Work item:
Only the pictures are to be dropped; the rest of the data below is to be duplicated exactly.

Recorded data:
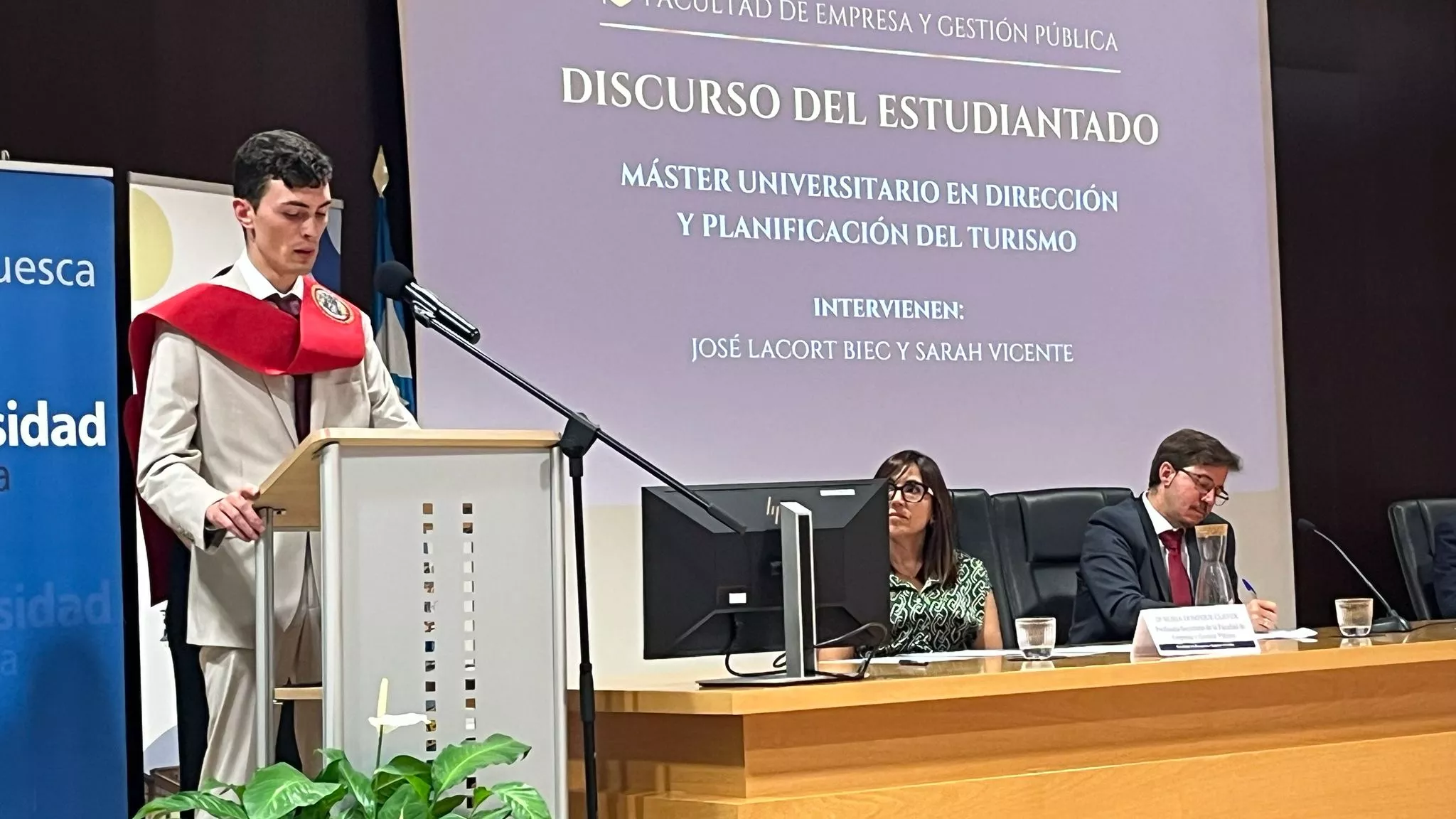 Entrega de bandas de graduación de la Facultad de Empresa y Gestión Pública. Foto Mercedes Manterola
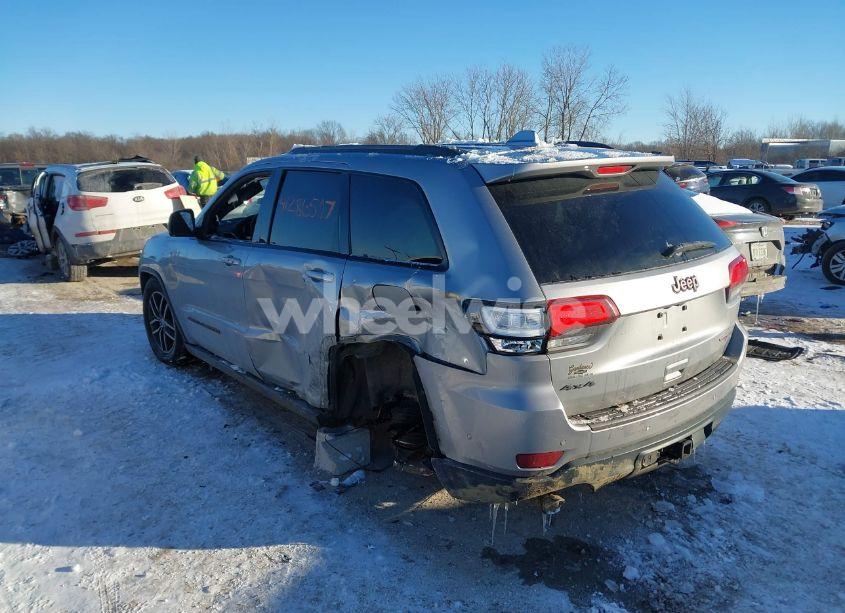 Photo 3 of 2017 Jeep Grand CHEROKEE TRAILHAWK (VIN 1C4RJFLT4HC657682)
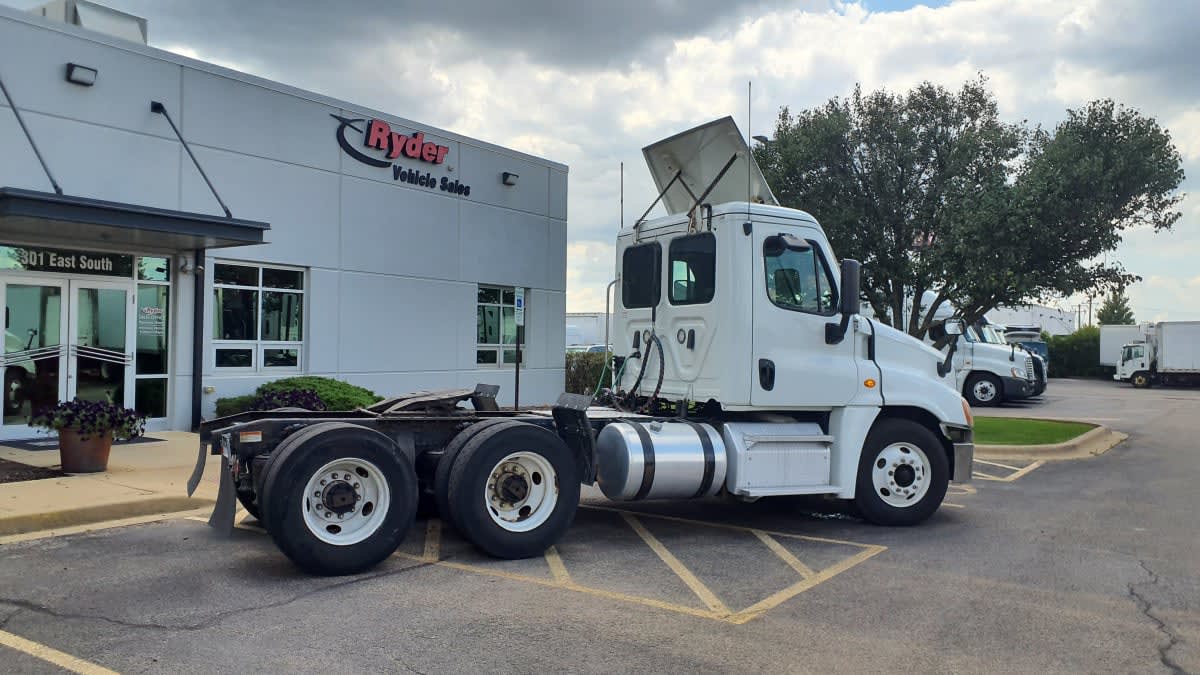 2019 Freightliner Cascadia in Bolingbrook, IL — photo 4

Answer section:
 Entrega de bandas de graduación de la Facultad de Empresa y Gestión Pública. Foto Mercedes Manterola
 Photo 3 of 2017 Jeep Grand CHEROKEE TRAILHAWK (VIN 1C4RJFLT4HC657682)
 2019 Freightliner Cascadia in Bolingbrook, IL — photo 4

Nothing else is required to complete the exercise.